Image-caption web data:

* * *

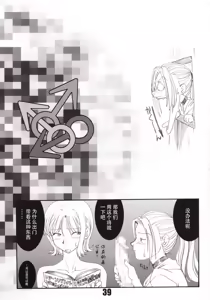Page 40 of Marine battle | 海戦 - preview thumbnail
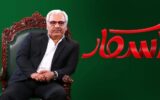 شبکه خانگی؛ قربانگاه زبان فارسی
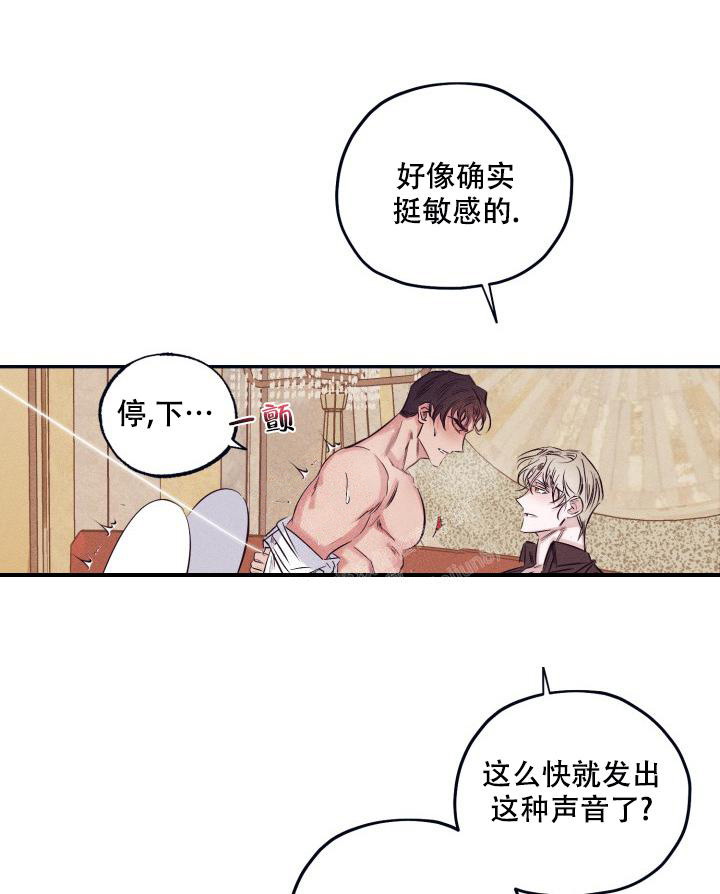 《 七夕特别合辑》漫画最新章节第23话免费下拉式在线观看章节第【5】张图片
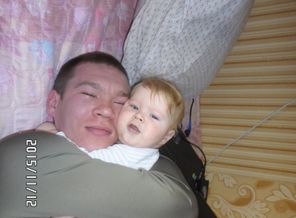С ПАПОЙ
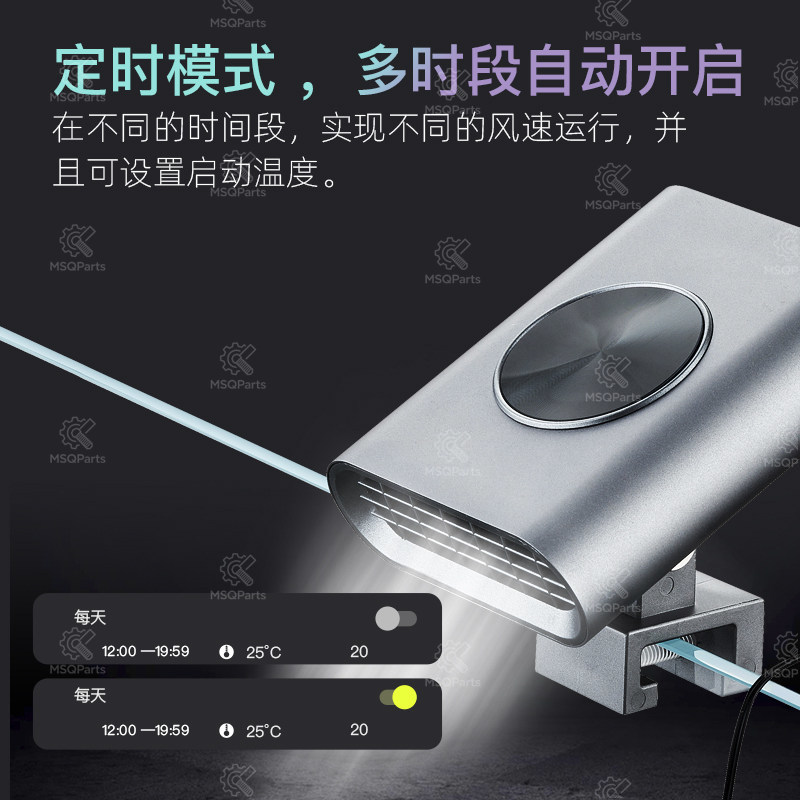 พัดลมระบายความร้อนอัจฉริยะสำหร - Aquarium Planted บทวิจารณ์และราคา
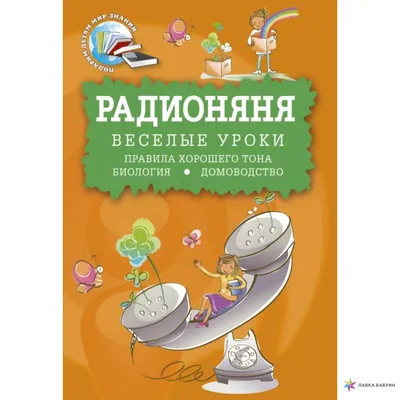 Радионяня. Весёлые уроки. Правила хорошего тона. Биология. Домоводство, ,  Зебра-Е купить книгу 978-5-906339-15-7 – Лавка Бабуин, Киев, Украина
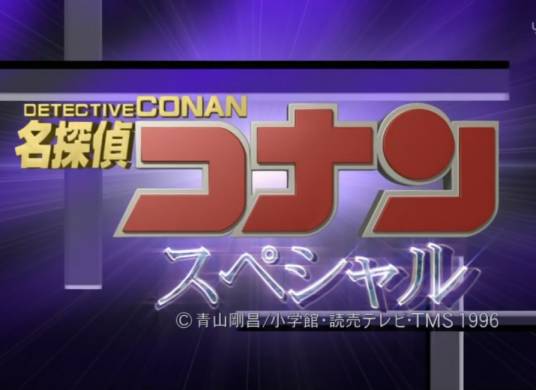 名侦探柯南特别篇（日本电视动画《名侦探柯南》特辑）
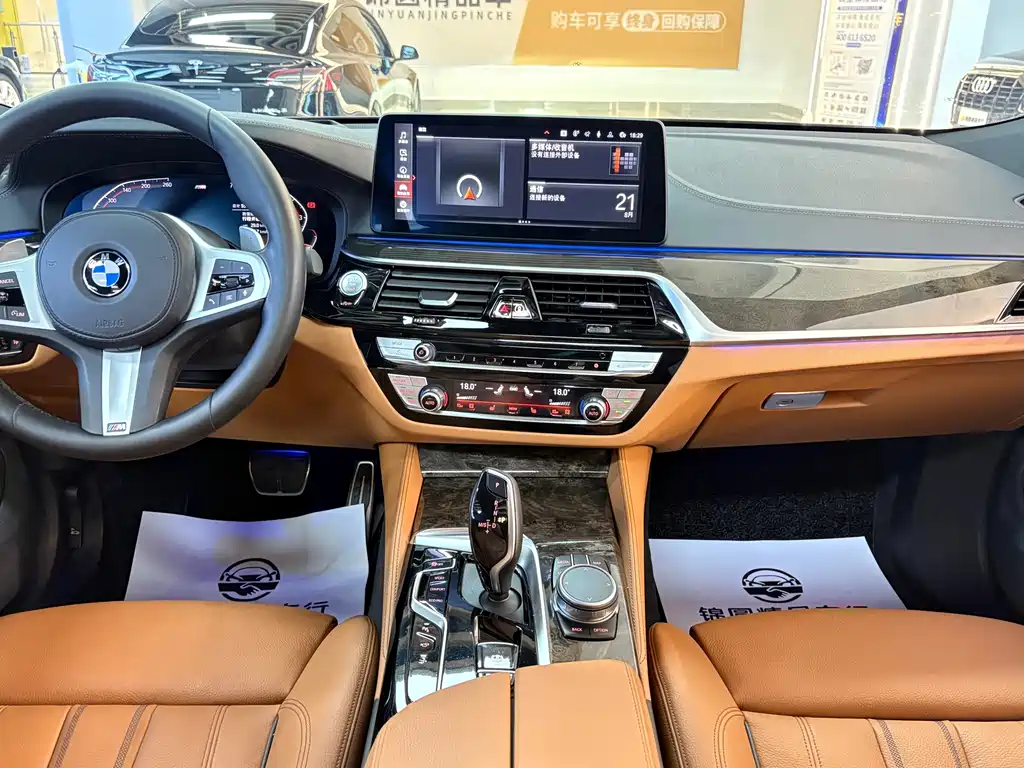 BMW 6 Series GT 2021 — фото 14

* * *

• [PROBLEM REQUIREMENTS]: Look for the line that contains "Радионяня. Весёлые уроки.", then please copy it and the rest of the lines through the end of the data, pictures excluded.

• [OUTPUT BELOW]:
 Радионяня. Весёлые уроки. Правила хорошего тона. Биология. Домоводство, ,  Зебра-Е купить книгу 978-5-906339-15-7 – Лавка Бабуин, Киев, Украина
 名侦探柯南特别篇（日本电视动画《名侦探柯南》特辑）
 BMW 6 Series GT 2021 — фото 14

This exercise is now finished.